**** Task data
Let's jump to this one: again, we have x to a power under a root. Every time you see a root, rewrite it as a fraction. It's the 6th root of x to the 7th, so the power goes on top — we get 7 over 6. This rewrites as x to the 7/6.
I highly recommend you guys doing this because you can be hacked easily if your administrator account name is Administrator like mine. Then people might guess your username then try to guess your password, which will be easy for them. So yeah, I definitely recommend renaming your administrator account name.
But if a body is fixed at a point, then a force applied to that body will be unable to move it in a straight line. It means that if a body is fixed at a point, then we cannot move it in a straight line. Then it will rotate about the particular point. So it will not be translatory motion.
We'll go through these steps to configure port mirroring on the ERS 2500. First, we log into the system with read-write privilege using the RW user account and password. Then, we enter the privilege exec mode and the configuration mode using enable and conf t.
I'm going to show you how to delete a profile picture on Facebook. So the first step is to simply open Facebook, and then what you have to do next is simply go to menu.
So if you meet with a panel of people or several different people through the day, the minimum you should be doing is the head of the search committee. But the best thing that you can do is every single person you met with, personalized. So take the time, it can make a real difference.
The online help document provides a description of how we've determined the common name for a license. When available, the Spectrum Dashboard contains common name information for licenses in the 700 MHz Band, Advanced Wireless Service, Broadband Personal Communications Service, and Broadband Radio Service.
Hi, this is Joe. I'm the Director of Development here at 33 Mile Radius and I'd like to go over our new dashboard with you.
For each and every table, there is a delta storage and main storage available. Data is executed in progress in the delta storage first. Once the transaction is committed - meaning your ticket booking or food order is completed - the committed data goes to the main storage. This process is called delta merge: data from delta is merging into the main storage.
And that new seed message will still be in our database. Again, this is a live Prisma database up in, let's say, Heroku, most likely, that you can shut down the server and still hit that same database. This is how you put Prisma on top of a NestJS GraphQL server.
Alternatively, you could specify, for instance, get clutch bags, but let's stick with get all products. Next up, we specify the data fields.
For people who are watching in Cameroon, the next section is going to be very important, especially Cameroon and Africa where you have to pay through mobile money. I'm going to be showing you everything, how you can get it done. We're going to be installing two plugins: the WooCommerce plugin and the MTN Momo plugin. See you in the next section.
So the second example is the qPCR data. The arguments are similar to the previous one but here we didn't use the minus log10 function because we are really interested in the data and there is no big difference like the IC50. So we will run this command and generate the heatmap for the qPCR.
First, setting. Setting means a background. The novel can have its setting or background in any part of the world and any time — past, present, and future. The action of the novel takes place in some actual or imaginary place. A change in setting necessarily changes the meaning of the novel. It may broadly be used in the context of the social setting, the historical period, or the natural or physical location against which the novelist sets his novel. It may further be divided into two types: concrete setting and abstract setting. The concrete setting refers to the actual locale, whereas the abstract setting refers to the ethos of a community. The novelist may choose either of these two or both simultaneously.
********
What the exercise asks:
Everything in the data should be copied exactly. Leave nothing out.

Expected output:
Let's jump to this one: again, we have x to a power under a root. Every time you see a root, rewrite it as a fraction. It's the 6th root of x to the 7th, so the power goes on top — we get 7 over 6. This rewrites as x to the 7/6.
I highly recommend you guys doing this because you can be hacked easily if your administrator account name is Administrator like mine. Then people might guess your username then try to guess your password, which will be easy for them. So yeah, I definitely recommend renaming your administrator account name.
But if a body is fixed at a point, then a force applied to that body will be unable to move it in a straight line. It means that if a body is fixed at a point, then we cannot move it in a straight line. Then it will rotate about the particular point. So it will not be translatory motion.
We'll go through these steps to configure port mirroring on the ERS 2500. First, we log into the system with read-write privilege using the RW user account and password. Then, we enter the privilege exec mode and the configuration mode using enable and conf t.
I'm going to show you how to delete a profile picture on Facebook. So the first step is to simply open Facebook, and then what you have to do next is simply go to menu.
So if you meet with a panel of people or several different people through the day, the minimum you should be doing is the head of the search committee. But the best thing that you can do is every single person you met with, personalized. So take the time, it can make a real difference.
The online help document provides a description of how we've determined the common name for a license. When available, the Spectrum Dashboard contains common name information for licenses in the 700 MHz Band, Advanced Wireless Service, Broadband Personal Communications Service, and Broadband Radio Service.
Hi, this is Joe. I'm the Director of Development here at 33 Mile Radius and I'd like to go over our new dashboard with you.
For each and every table, there is a delta storage and main storage available. Data is executed in progress in the delta storage first. Once the transaction is committed - meaning your ticket booking or food order is completed - the committed data goes to the main storage. This process is called delta merge: data from delta is merging into the main storage.
And that new seed message will still be in our database. Again, this is a live Prisma database up in, let's say, Heroku, most likely, that you can shut down the server and still hit that same database. This is how you put Prisma on top of a NestJS GraphQL server.
Alternatively, you could specify, for instance, get clutch bags, but let's stick with get all products. Next up, we specify the data fields.
For people who are watching in Cameroon, the next section is going to be very important, especially Cameroon and Africa where you have to pay through mobile money. I'm going to be showing you everything, how you can get it done. We're going to be installing two plugins: the WooCommerce plugin and the MTN Momo plugin. See you in the next section.
So the second example is the qPCR data. The arguments are similar to the previous one but here we didn't use the minus log10 function because we are really interested in the data and there is no big difference like the IC50. So we will run this command and generate the heatmap for the qPCR.
First, setting. Setting means a background. The novel can have its setting or background in any part of the world and any time — past, present, and future. The action of the novel takes place in some actual or imaginary place. A change in setting necessarily changes the meaning of the novel. It may broadly be used in the context of the social setting, the historical period, or the natural or physical location against which the novelist sets his novel. It may further be divided into two types: concrete setting and abstract setting. The concrete setting refers to the actual locale, whereas the abstract setting refers to the ethos of a community. The novelist may choose either of these two or both simultaneously.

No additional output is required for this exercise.